We have successfully applied simulated annealing to the difficult problem of academic scheduling for a large university. Feasible schedules were obtained for real data sets, including student preferences, without requiring enormous computational effort.
We found that using a preprocessor to provide a good starting point for simulated annealing greatly improved the quality of the results. We used a fairly complex rule-based expert system for the preprocessor, however the type of preprocessor may not be crucial. Other fast heuristics could possibly be used, for example a graph coloring approach [37], and just utilizing the schedule from the same semester for the previous year should provide good results.
Another critical part of the annealing program was the choice of moves. We used techniques that drew from our work on the rule-based system in order to carefully select good moves that have a relatively high probability of acceptance, rather than wasting computational effort on randomly chosen moves, most of which would be rejected. The rule-based system ensured that all the moves satisfied the hard constraints, while the annealing process took care of minimizing the cost of the medium and soft constraints.

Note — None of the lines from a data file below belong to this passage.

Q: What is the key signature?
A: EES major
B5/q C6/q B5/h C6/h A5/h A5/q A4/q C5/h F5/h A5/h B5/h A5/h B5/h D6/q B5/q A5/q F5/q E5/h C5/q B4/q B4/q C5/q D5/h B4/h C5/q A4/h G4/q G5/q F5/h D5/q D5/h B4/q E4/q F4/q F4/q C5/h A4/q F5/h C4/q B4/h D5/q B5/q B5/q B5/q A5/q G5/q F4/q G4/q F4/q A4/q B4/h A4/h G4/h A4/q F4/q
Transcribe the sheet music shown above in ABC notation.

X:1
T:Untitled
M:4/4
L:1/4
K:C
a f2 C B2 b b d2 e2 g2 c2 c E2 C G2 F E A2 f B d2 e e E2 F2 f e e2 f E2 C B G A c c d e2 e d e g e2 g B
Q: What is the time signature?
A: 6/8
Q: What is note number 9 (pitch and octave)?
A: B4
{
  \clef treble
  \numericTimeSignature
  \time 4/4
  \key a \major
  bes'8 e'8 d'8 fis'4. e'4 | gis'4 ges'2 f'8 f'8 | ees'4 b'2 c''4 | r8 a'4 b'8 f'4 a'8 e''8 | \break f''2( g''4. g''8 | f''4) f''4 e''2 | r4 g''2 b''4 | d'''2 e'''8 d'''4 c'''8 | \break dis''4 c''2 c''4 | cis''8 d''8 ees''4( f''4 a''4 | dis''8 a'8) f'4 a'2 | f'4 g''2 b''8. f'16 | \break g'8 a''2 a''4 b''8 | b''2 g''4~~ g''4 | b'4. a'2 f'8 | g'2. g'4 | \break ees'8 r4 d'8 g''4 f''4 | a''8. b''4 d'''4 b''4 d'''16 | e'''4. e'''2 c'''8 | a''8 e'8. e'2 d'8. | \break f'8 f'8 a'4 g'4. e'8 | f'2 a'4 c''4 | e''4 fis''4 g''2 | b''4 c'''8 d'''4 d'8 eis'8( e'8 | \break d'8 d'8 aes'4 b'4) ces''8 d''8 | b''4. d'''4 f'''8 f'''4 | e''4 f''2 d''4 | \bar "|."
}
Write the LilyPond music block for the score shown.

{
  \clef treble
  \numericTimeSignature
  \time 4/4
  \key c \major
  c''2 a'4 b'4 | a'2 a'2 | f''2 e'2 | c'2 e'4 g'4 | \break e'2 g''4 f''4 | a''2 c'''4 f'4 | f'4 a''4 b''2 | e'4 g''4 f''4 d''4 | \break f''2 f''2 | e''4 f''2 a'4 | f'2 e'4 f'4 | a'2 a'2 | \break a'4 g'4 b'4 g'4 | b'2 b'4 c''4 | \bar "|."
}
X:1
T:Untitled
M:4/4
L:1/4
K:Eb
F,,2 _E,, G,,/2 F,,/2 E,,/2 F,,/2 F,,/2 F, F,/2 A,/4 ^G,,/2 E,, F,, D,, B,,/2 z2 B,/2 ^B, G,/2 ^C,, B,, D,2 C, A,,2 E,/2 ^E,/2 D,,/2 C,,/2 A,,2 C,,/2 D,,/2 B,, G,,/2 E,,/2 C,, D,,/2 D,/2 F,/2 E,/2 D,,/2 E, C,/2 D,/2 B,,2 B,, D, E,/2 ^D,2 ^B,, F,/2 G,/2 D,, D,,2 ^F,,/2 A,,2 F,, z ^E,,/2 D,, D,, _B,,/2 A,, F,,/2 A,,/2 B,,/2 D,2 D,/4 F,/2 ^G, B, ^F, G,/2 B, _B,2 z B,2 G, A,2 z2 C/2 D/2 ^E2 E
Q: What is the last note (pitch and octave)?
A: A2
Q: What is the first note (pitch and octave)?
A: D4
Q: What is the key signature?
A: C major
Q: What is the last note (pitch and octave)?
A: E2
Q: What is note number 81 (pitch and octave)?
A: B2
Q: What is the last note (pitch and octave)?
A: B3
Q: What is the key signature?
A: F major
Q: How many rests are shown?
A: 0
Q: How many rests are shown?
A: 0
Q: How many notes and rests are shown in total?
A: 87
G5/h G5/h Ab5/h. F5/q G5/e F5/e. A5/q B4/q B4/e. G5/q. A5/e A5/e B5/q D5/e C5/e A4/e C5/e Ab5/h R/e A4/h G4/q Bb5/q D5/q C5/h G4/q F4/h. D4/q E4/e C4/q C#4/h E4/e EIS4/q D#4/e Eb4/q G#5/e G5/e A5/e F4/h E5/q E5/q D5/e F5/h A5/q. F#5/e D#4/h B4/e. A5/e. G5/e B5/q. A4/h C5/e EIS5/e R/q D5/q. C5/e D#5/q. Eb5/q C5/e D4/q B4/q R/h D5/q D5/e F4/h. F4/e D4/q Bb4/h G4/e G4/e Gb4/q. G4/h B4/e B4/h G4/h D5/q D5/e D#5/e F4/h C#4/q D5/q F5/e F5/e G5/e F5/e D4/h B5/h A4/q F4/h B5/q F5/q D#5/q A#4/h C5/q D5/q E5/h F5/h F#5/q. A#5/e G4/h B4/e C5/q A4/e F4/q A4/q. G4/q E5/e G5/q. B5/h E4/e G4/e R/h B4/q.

As expected, for the simulated annealing, adaptive cooling performed better than geometric cooling, and using reheating improved the results even further. The best results were obtained using simulated annealing with adaptive cooling and reheating as a function of cost, and with a rule-based preprocessor to provide a good initial solution. Using this method, and with careful selection of parameters and update steps, we were able to generate feasible solutions to the class scheduling problem using real data for a large university. None of the other methods were able to provide a complete feasible solution.
Our main conclusion from this work is that simulated annealing, in combination with a rule-based system, can be used to solve the complex class scheduling problem at a large university, including student preferences. A similar approach should prove fruitful for other hard scheduling problems. However, finding a valid schedule requires a good cooling schedule, optimized parameters, carefully selected update moves, and a good initial solution provided by a preprocessor. A poor implementation in any one of these areas could be the difference between the success and failure of this method.